Revisiting Spouseisms for the Betrothed


Spouseisms for the Betrothed was posted back in April as we were all getting excited about two impending weddings:

                               
                                        Taryn & Reuel
                               
                                            Tara & Stephen
Tara and Stephen were married in August. This ceremony and celebration exceeded every expectation we had for Tara. She was nothing less that radiant. Stephen was the cutest, most endearing, nervous wreck of a groom I've ever seen.
Photo by Ashley Galloway at Beautiful Life Photography.
And, their junior bridesmaids! Bless!
It was liked they were picked out of a magazine!
Photo by Ashley Galloway at Beautiful Life Photography.
Beautiful girls by The Spouses.
Taryn and Reuel are getting married next weekend.
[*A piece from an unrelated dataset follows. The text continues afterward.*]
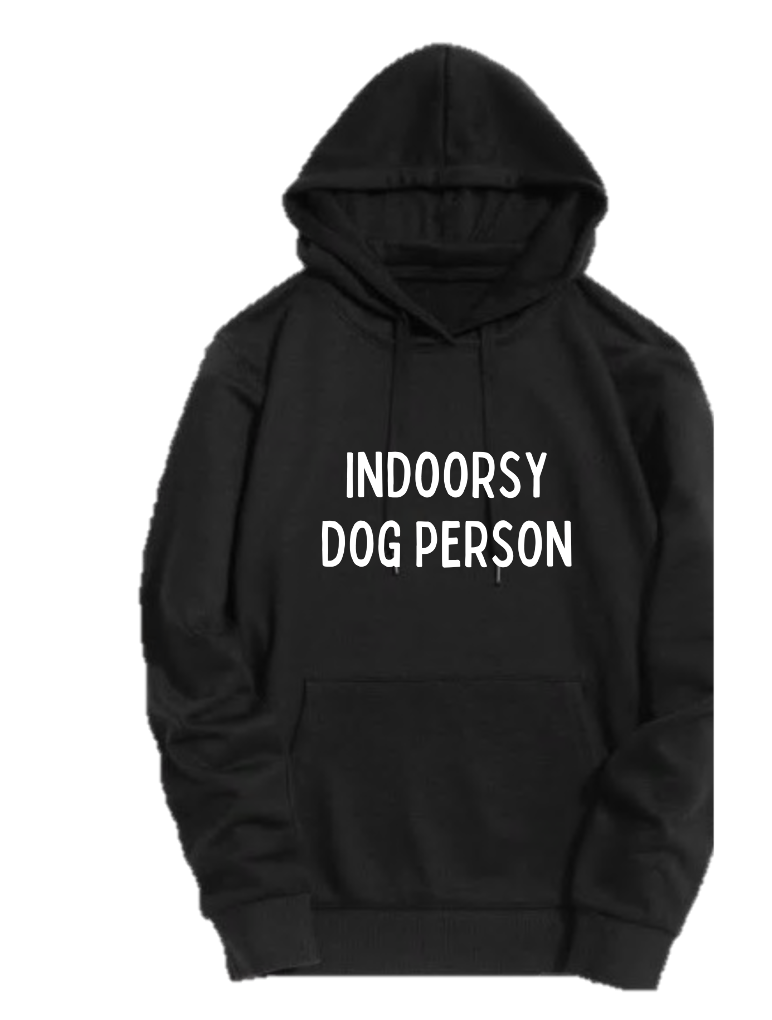 INDOORSY DOG PERSON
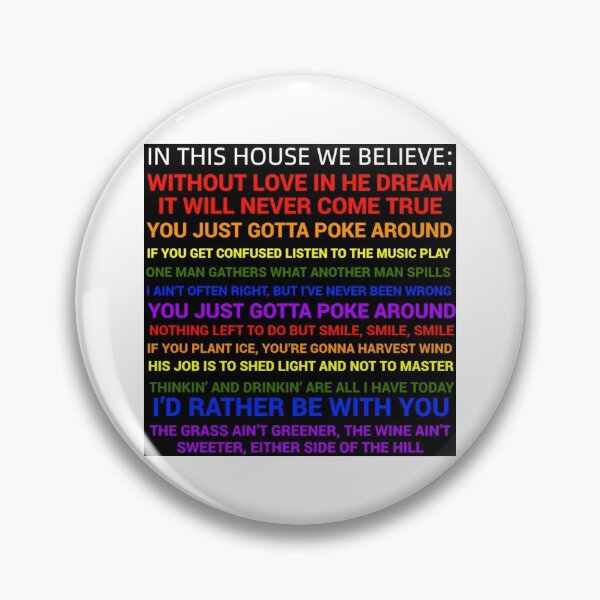 Item preview, In this House designed and sold by Jefflevin333.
We are an obnoxious sort of excited around here. I can feel the cry-induced headache coming on already.
It is sure to be a flawless, God-honoring wedding celebration sealing their covenant before the Lord.
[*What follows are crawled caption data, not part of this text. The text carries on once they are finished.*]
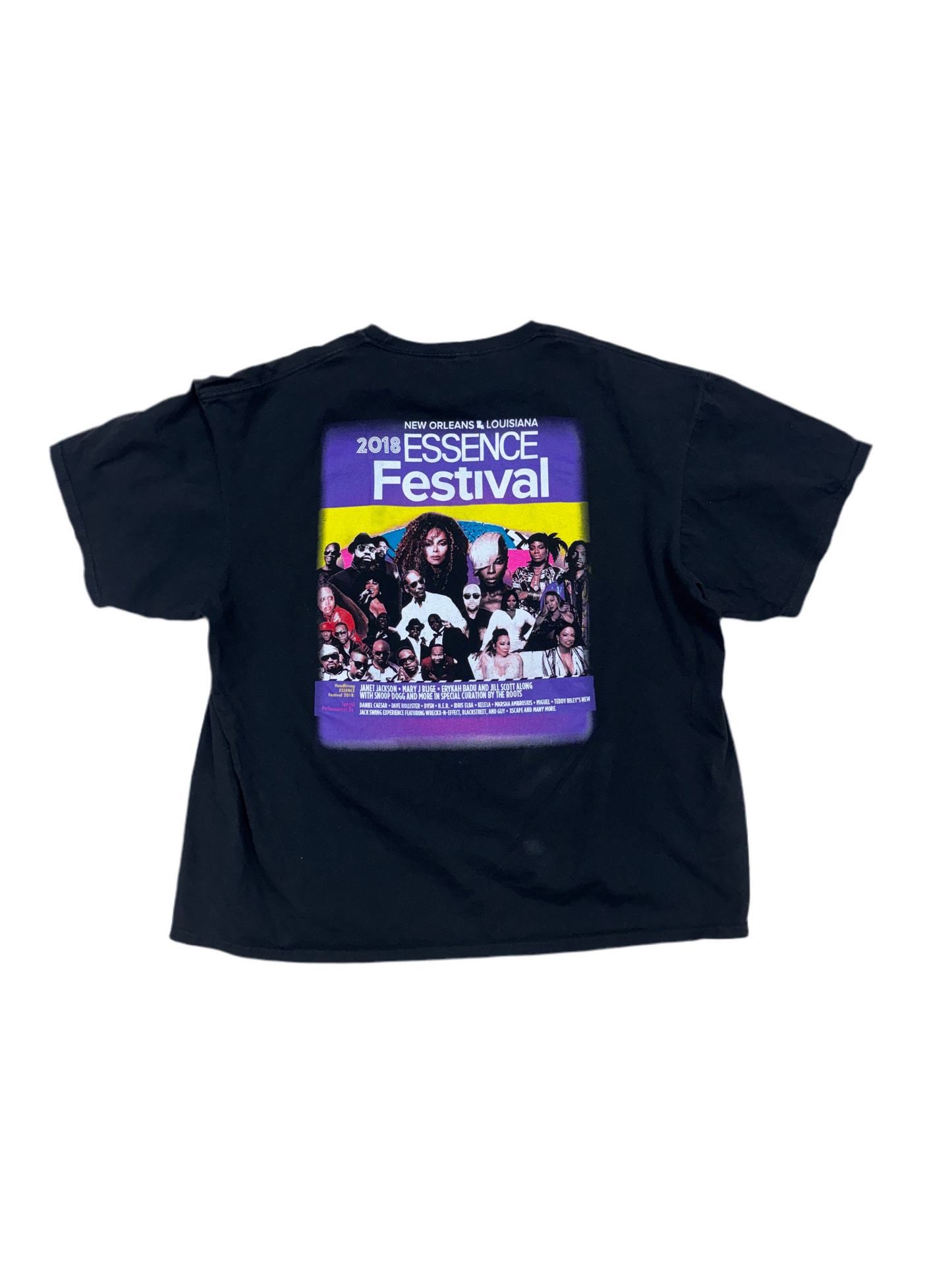 Vintage 2018 Essence Fest T-Shirt - 2XL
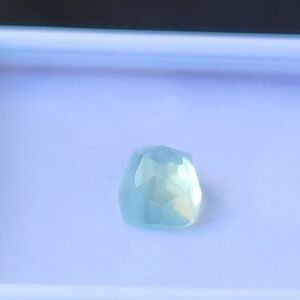 4 Carat Rose Cut Aquamarine
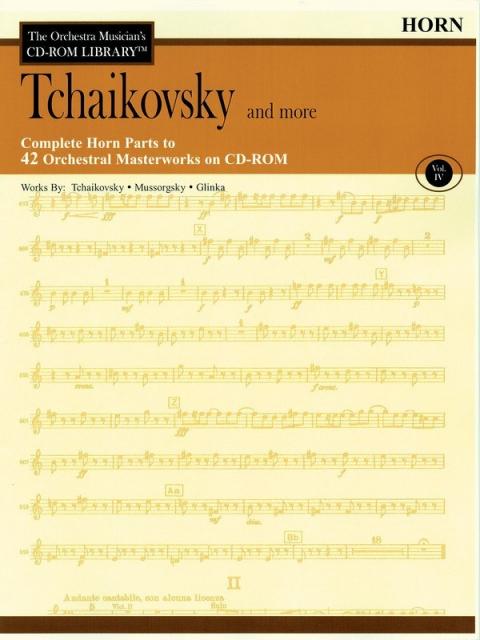 Tchaikovsky And More Cd Rom Lib Horn V4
Below is part of the original posting of Spouseisms for the Betrothed:
(Sort of an In Case You Missed It.)


While 2 little girls are thinking about the weddings, I'm thinking about the marriages.
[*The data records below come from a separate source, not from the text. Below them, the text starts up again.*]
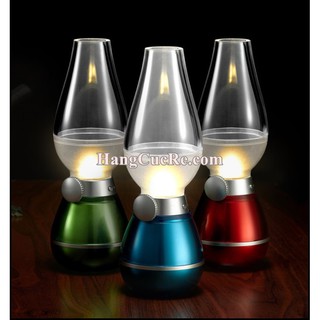 Đèn Thần thổi là tắt, thổi là sáng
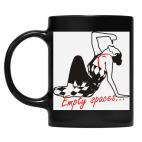 Кружка цветная UV-DTF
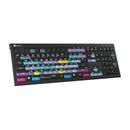 Logickeyboard ASTRA 2 Backlit Keyboard for DaVinci Resolve 18 and 19 (Windows, US English LKB-RESB-A2PC-US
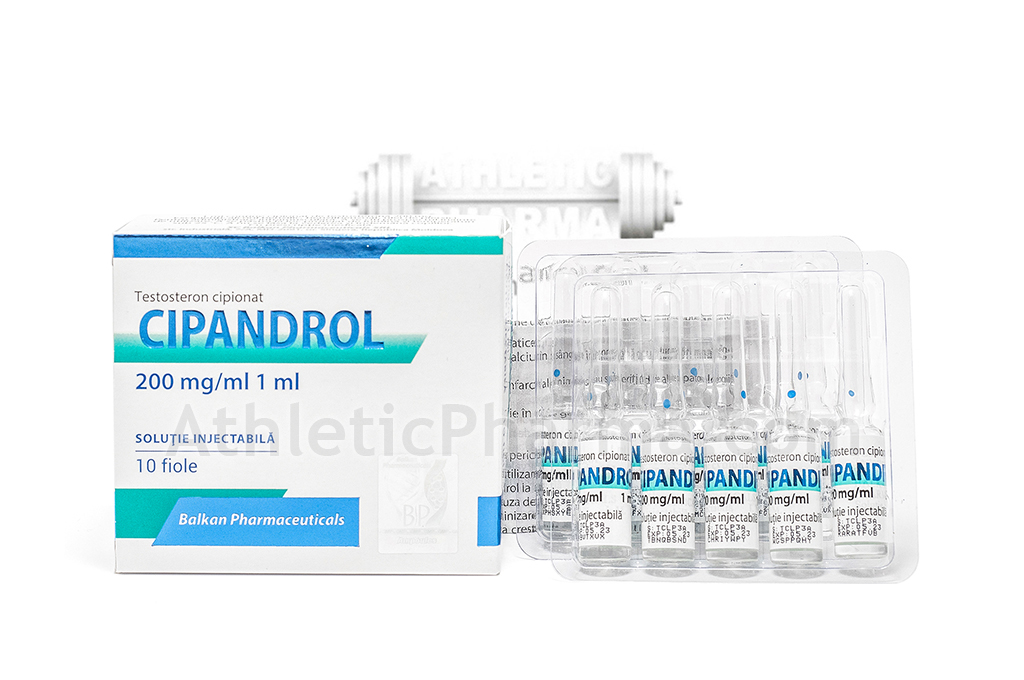 Testosterone Cypionate (Cipandrol) Balkan (1ml)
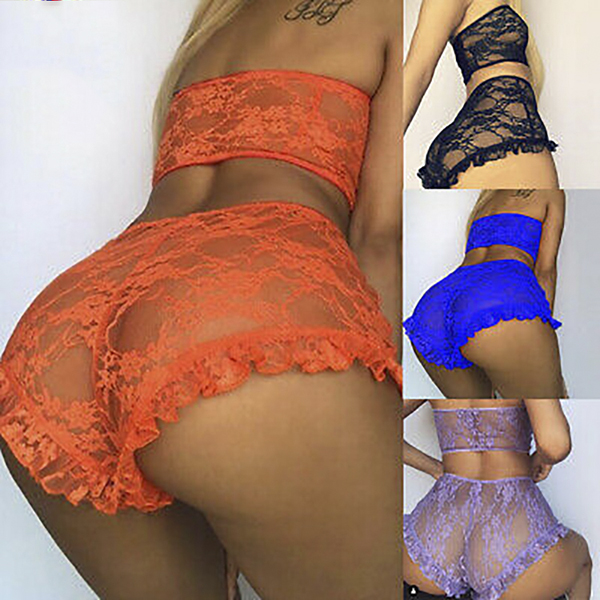 2017 Latest Design China Product Sourcing - Wholesale Women Transparent Sheer Mesh Lace Heart Lingerie – Sellers Union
I've made it clear (in my profile) that I love giving unsolicited marriage advice. :)  That said, they know I love them and will probably not be at all surprised about my shenanigans here on this blog.


Taryn and Reuel are getting married in October. Look at them! They are radiant! Taryn was absolutely created for Reuel. With tears now I tell you that they love their Savior and adore each other. These two have been such a blessing to our family. And, they are brilliant. Seriously. Super smarties. Their kids that they aren't having (BAH!) are going to be prodigies. And beautiful--can you imagine what their offspring will look like? Blessed assurance.
___________________________________

Here are some SPOUSEISMS for y'all:
 (Not all will apply, and some you have already heard over and over and over and over...)

-Make Bible study and church attendance a priority. From the beginning. Don't let other things creep in. It happens fast, so guard against it. There will always be laundry, the beach and beautiful days to tempt you. Keep Sundays for worshipping your Creator in a Bible-believing church.

-Leave and cleave. I don't mean geographically. Y'all are your own family unit.  All of y'all have excellent families that would encourage autonomy.

-Resist the temptation to put a TV in your bedroom. I read somewhere that couples with a TV in the bedroom have 30% less sex than those without. Just sayin'. 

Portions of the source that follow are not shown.